In further articles I ,will tackle this analysis from the perspective of crypto as an application layer (and it’s ssets as a commodity), crypto’s value as a tool for social coordination, and as well since much of the industry and valuations of its assets are now driven from it, crypto’s memetic value (yes, memes). These perspectives should not be conflated with blockchain technology — which has its own, albeit related, values and challenges.

TLDR: In this article, I will discuss the shortfalls of “crypto” as a monetary system.

Framing the problem

It will be hard to understand what’s “wrong” with something if we haven’t first laid out what “right” is supposed to look like. We need to understand what its intended value is and who it’s intended for to give this conjecture proper context.

So what is money? And how is it different from currency?

Money is a broad term that refers to any medium of exchange that is widely accepted in payment for goods and services and in the settlement of debts. Money serves several key functions: it acts as a medium of exchange, a unit of account, a store of value, and sometimes, a standard of deferred payment.

Currency is a specific type of money issued by some form of monetary authority in common use within a specific environment over time, especially for people in a nation-state (or network). It is an embodiment of money within a particular region or country (or network).

The distinction between the two is important for a few reasons:

  • Not all money is in the form of currency, so they will have different value propositions. For example, gold bars vs. euros in your Paypal account
  • Money can take more forms than currency, which has a narrower definition, and as such its features should be optimized to fulfill a more narrow set of needs.

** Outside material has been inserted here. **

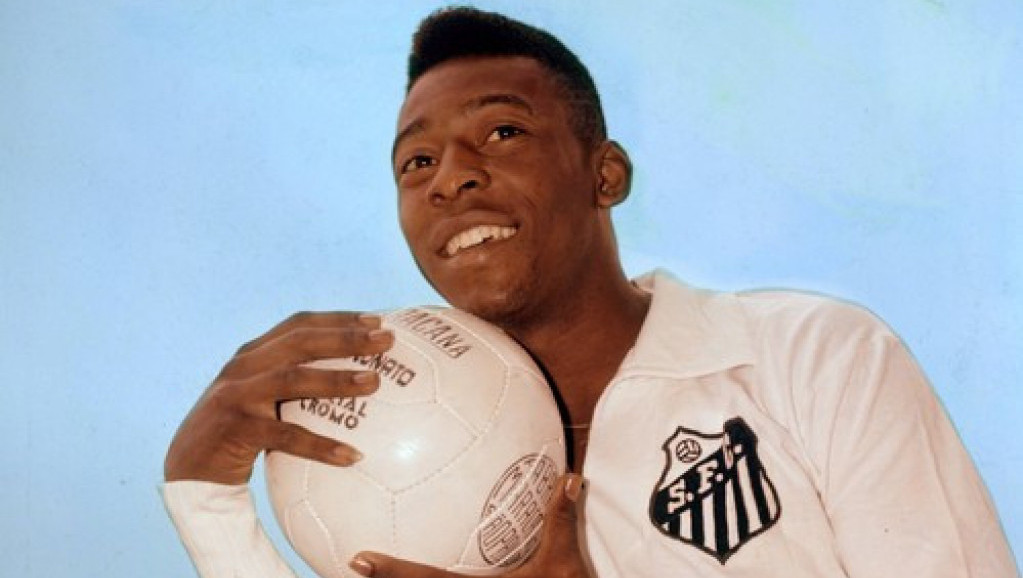 Santos povukao dres sa brojem 10 u čast Pelea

For example, money can take the form of “cash equivalents” like treasury bills, or commodity money like precious metals or cowry shells. But good currencies generally need to have features like divisibility and portability — which some forms of money do not have (you can’t split a treasury bill).

For brevity and because in crypto the lines of differentiation between the two are often unclear, I will speak to crypto’s value prop as both money and currency together, and try my best to clarify the distinction when important.

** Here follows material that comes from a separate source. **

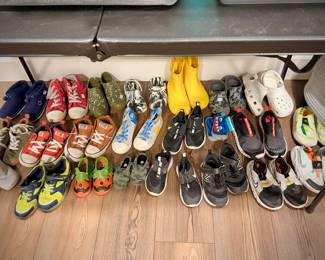 Oldsoles, Uggs, Converse All Stars, Nike, Adidas, Vans, Uggs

One more to add for the context of crypto — decentralization. “Decentralization” in this context is a decentralization of monetary authority, where each node in a crypto network is meant to be logically similar or “centralized” — running the same code and agreeing to a set of laws that govern the way monetary policy is administered (e.g. hardcoded max supply of 21m Bitcoins). It’s meant to be resilient to centralized points of failure so that no single entity has the power to censor or arbitrarily debase or bungle monetary policy like most, if not all governments, have done at some point in history.

To summarize, the intended value propositions and features are:

  • Store of value — Stability, liquidity, scarcity, independence from counterparty risk
  • Medium of exchange — Acceptability, durability, portability, low friction/cost to make the exchange, user experience
  • Standard of deferred payment — Widely or legally recognized as a settlement of debts i.e. legal tender
  • Unit of account (accounting for value) — Divisible, uniform, counterfeit resistant
  • Decentralization — Privacy, self-sovereignty, resilient to centralized points of failure. Serves in support of the (4) stated above, but is important to mention on it’s own

TLDR: “Currency” is a form of “money” and value propositions for cryptocurrencies have elements of both — mainly store of value, medium of exchange, standard of deferred payment, a unit of account, and in the case of cryptocurrencies, decentralization.

Cui bono?

Who benefits from the value provided by a monetary system, especially a crypto one? And how? Capturing and/or slicing and dicing the “who” exhaustively would probably be impossible. So I’ll name just a few major segments — defined by various shared characteristics — that come to mind in order to broaden the context for appraising some of the shortcomings of crypto. They are by no means mutually exclusive or completely representative:

  • Merchants and Customers
  • Investors
  • Libertarian, anti-establishment folk
  • Traders
  • Institutions
  • Governments
  • Criminals

For nearly all players the value propositions stated above apply. Where some of the major differences might lie are in degree of control and price stability. For example libertarian, anti-establishment folk might value self-sovereignty and minimal interference, whereas traders might not care at all, and governments highly value capital controls and subjective levers for monetary policy. Businesses and customers might value price stability, investors might want appreciation over time, and traders might value short-term volatility.

TLDR: Everyone benefits from a well-functioning monetary system although some aspects of it are valuable to different people in different ways.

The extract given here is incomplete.